▸ Given entries:
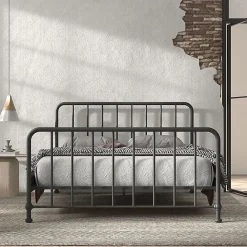 Lit 160x200 sommier inclus Vipack Bronxx Noir mat><noscript><img width=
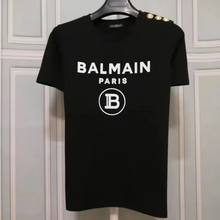 balmain flocking letter print T shirt one shoulder gold button 1:1 high quality men and women same style round neck T shirt 2024 - compre barato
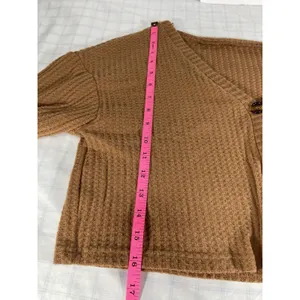ROMWE Brown Waffle Knit Cropped Cardigan Sweater Women's Size L Large Boho Cozy thumbnail 3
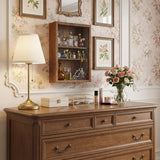 #WD5053 Wall-Mounted Freestanding Wooden 5-Shelf with Glass Door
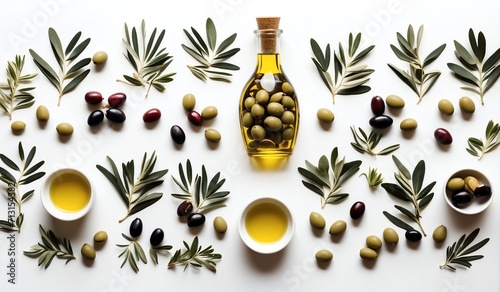Olive oil with olives on the white background photo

▸ Task to complete:
Could you set down exactly, and only, the lines from the line containing "ROMWE Brown Waffle" through the last line of the records, both included, without the pictures?

▸ Result:
ROMWE Brown Waffle Knit Cropped Cardigan Sweater Women's Size L Large Boho Cozy thumbnail 3
 #WD5053 Wall-Mounted Freestanding Wooden 5-Shelf with Glass Door
Olive oil with olives on the white background photo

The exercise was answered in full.